PROMPT
Repeat exactly the lines below that lie between the line with "2Pc Car Forest" and the line with "AM-818 Cherry On Diamonds Socks Navy", counting both of those lines as part of the answer.

MATERIAL TO PROCESS
····················

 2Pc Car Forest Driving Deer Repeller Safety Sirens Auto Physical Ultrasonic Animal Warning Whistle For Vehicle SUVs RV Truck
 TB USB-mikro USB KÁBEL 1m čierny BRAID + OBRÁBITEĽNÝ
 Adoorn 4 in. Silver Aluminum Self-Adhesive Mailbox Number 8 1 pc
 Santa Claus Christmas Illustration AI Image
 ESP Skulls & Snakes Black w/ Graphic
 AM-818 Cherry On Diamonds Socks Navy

····················

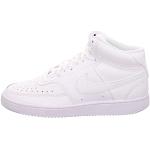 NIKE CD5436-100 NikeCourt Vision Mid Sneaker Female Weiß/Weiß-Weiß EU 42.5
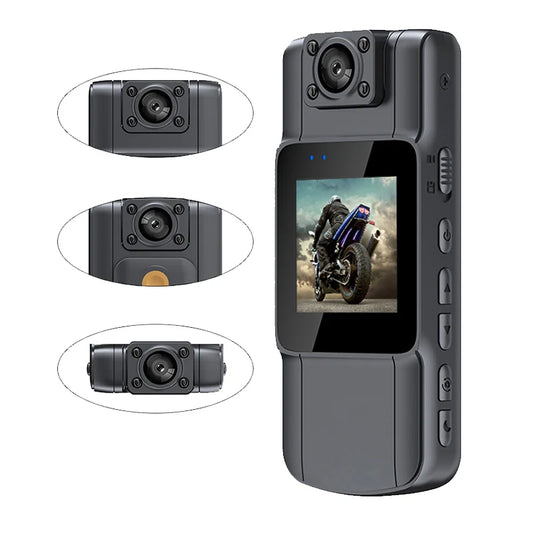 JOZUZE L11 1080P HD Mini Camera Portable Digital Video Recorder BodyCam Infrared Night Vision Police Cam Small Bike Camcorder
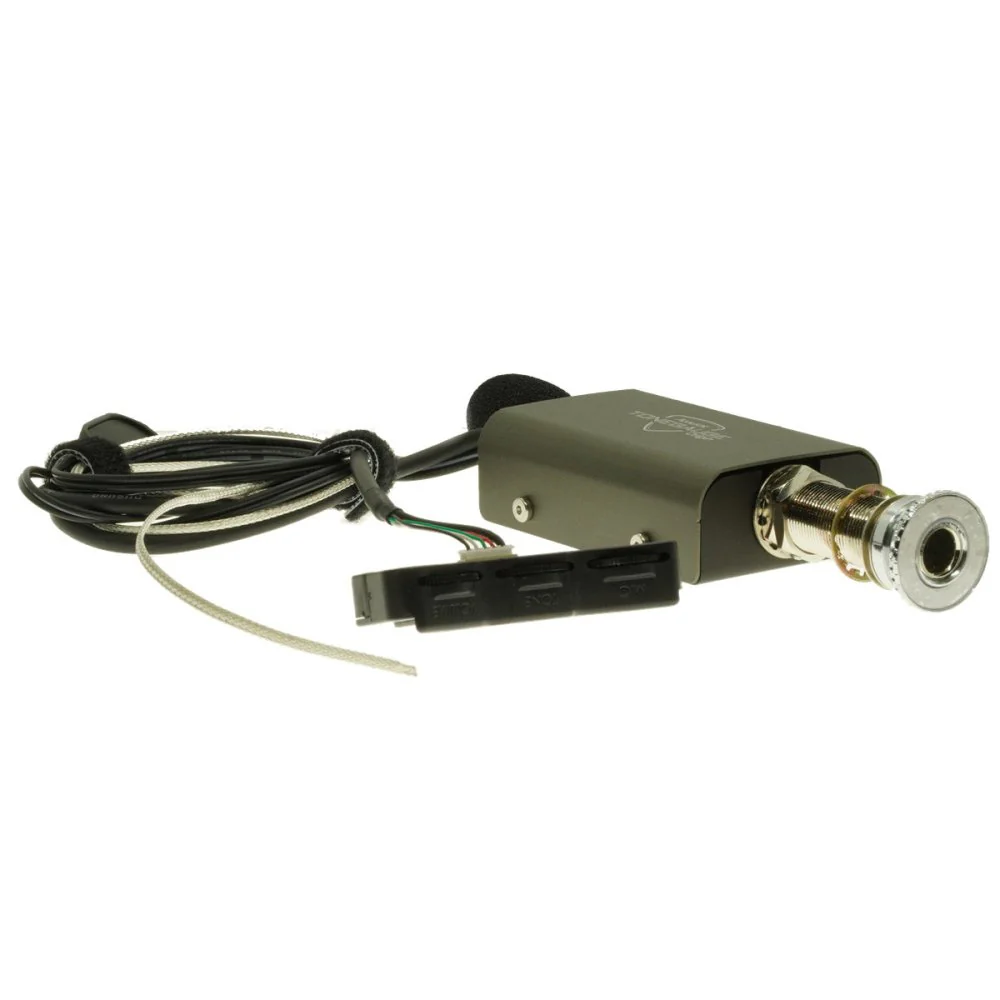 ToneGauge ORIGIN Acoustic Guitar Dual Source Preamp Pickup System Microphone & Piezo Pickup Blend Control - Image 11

····················

COMPLETED EXERCISE
 2Pc Car Forest Driving Deer Repeller Safety Sirens Auto Physical Ultrasonic Animal Warning Whistle For Vehicle SUVs RV Truck
 TB USB-mikro USB KÁBEL 1m čierny BRAID + OBRÁBITEĽNÝ
 Adoorn 4 in. Silver Aluminum Self-Adhesive Mailbox Number 8 1 pc
 Santa Claus Christmas Illustration AI Image
 ESP Skulls & Snakes Black w/ Graphic
 AM-818 Cherry On Diamonds Socks Navy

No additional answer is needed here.